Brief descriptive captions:
# # # # #

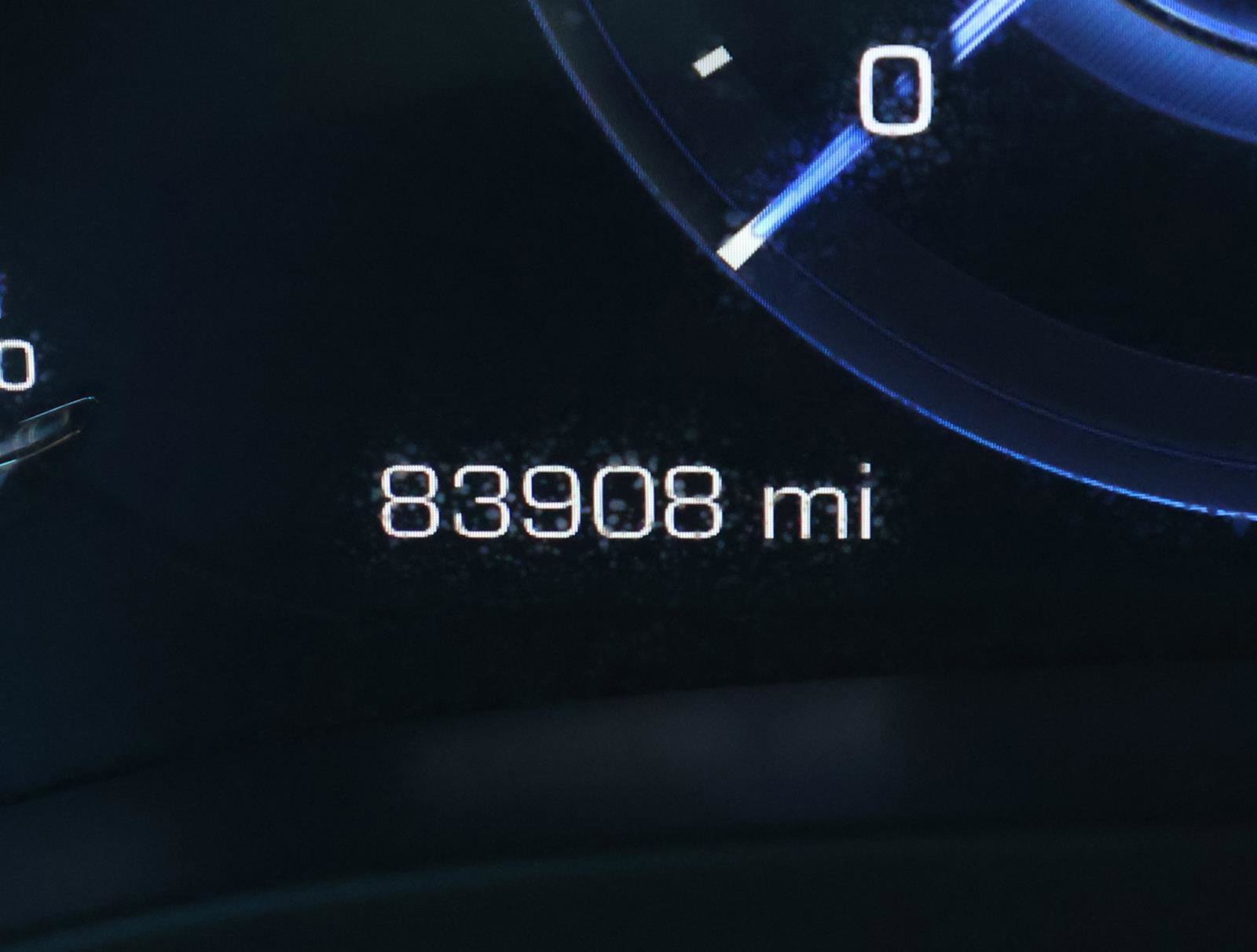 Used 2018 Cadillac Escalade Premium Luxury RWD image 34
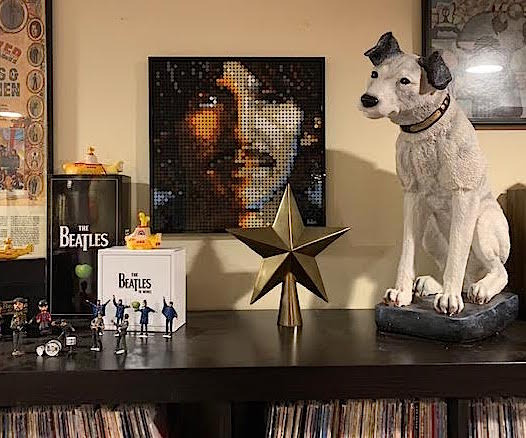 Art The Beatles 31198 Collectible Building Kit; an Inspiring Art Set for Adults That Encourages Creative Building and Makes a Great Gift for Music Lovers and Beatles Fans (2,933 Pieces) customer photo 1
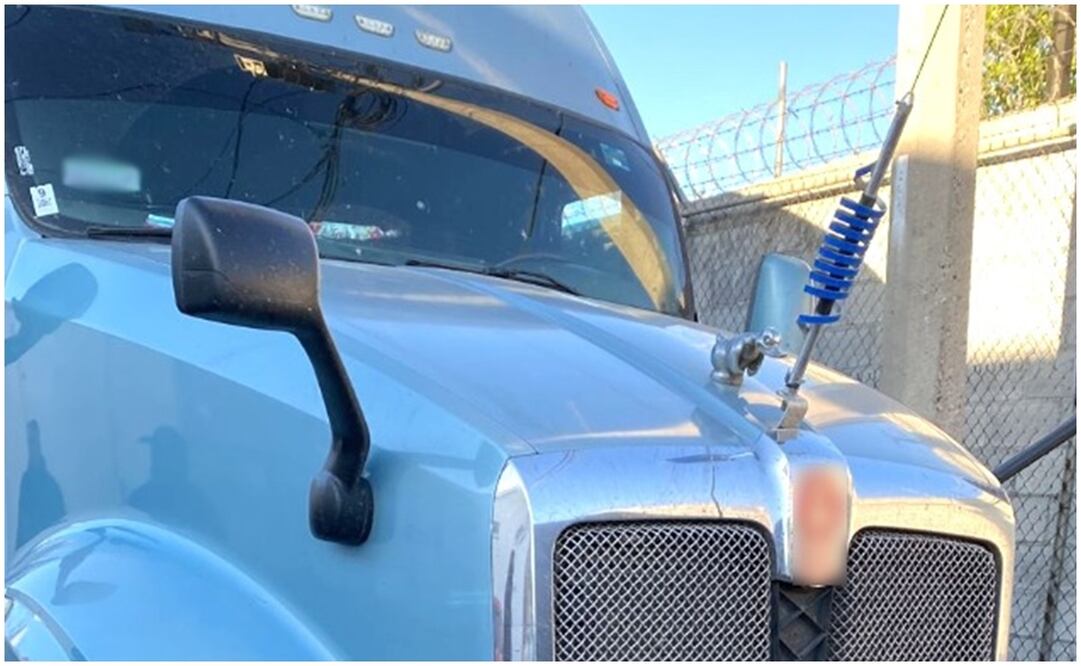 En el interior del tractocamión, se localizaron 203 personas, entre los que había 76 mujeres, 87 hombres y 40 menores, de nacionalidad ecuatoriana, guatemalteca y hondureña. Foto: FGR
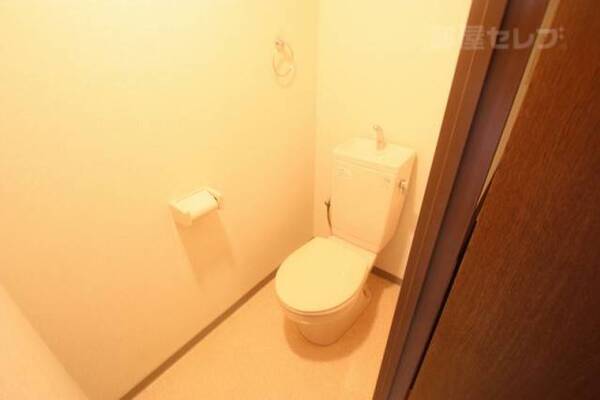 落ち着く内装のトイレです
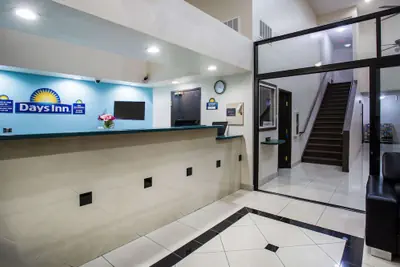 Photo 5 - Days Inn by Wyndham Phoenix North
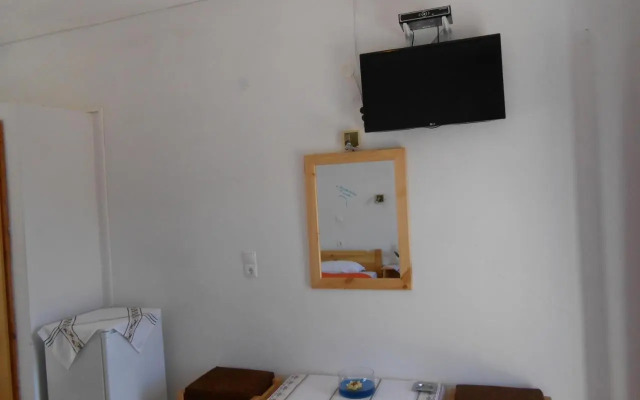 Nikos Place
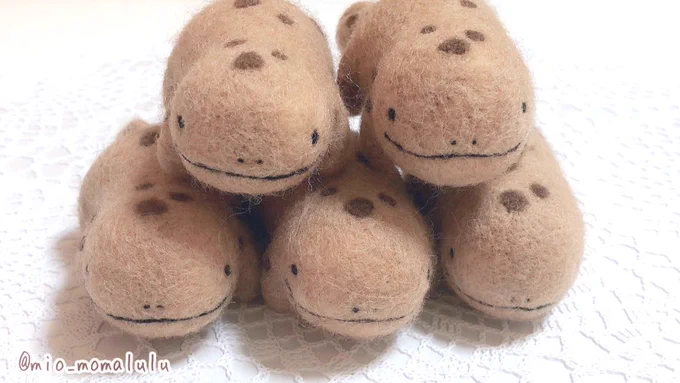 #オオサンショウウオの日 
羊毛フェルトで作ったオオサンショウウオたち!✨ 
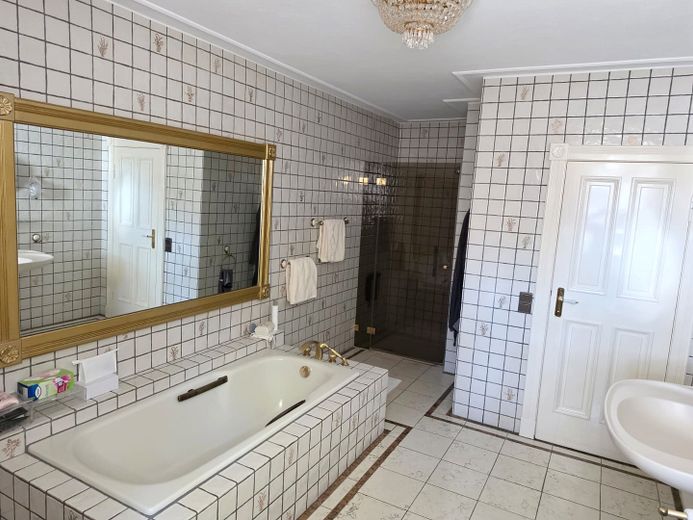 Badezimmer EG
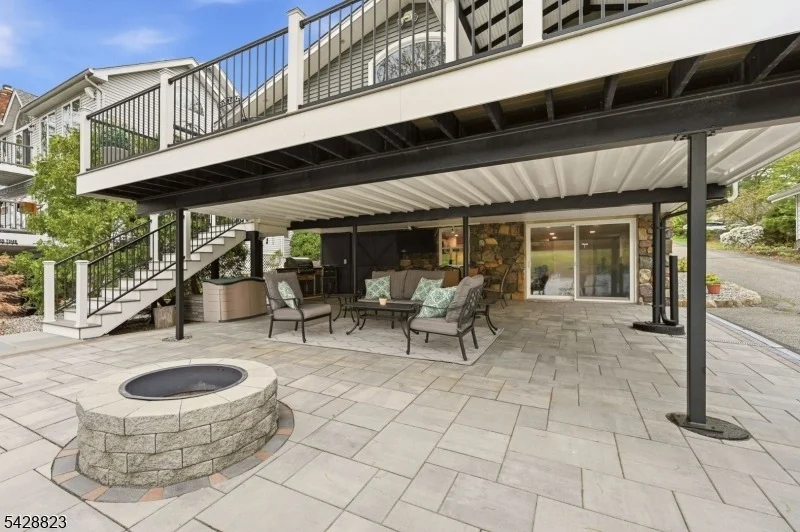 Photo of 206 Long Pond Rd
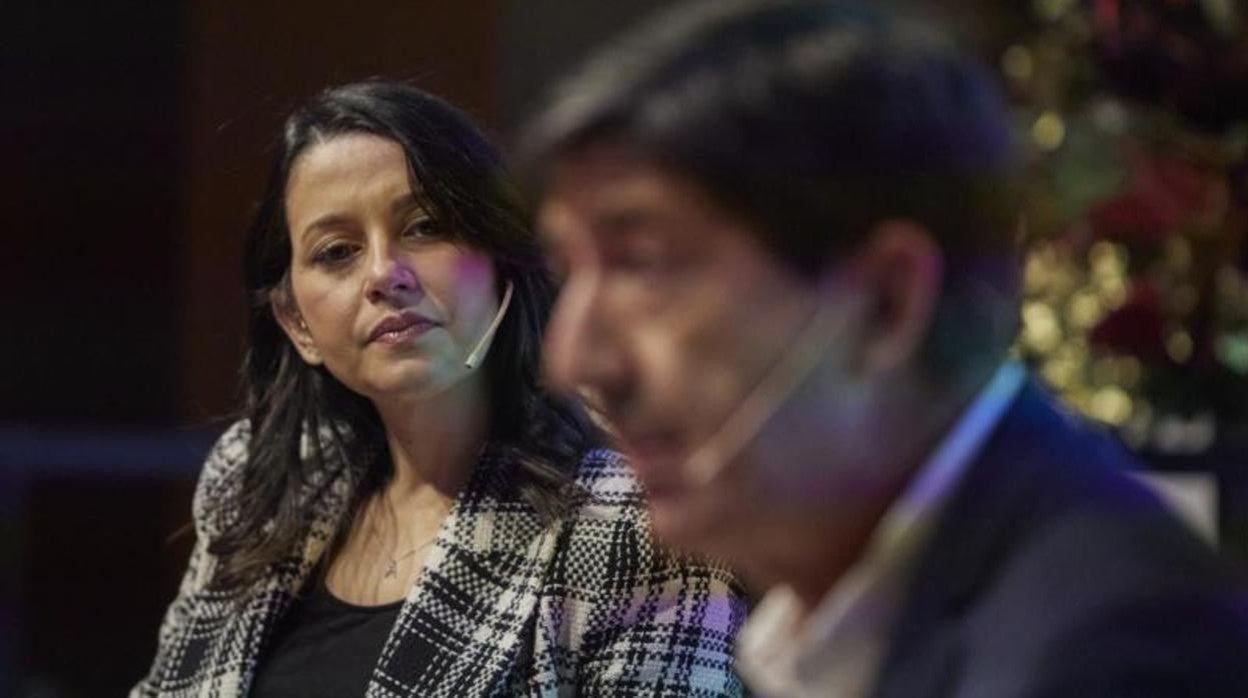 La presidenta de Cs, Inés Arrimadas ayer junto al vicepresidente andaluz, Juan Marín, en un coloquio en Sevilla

# # # # #

Return every entry word for word, leaving the pictures out.

### Written answer
 Used 2018 Cadillac Escalade Premium Luxury RWD image 34
 Art The Beatles 31198 Collectible Building Kit; an Inspiring Art Set for Adults That Encourages Creative Building and Makes a Great Gift for Music Lovers and Beatles Fans (2,933 Pieces) customer photo 1
 En el interior del tractocamión, se localizaron 203 personas, entre los que había 76 mujeres, 87 hombres y 40 menores, de nacionalidad ecuatoriana, guatemalteca y hondureña. Foto: FGR
 落ち着く内装のトイレです
 Photo 5 - Days Inn by Wyndham Phoenix North
 Nikos Place
 #オオサンショウウオの日 
羊毛フェルトで作ったオオサンショウウオたち!✨ 
 Badezimmer EG
 Photo of 206 Long Pond Rd
 La presidenta de Cs, Inés Arrimadas ayer junto al vicepresidente andaluz, Juan Marín, en un coloquio en Sevilla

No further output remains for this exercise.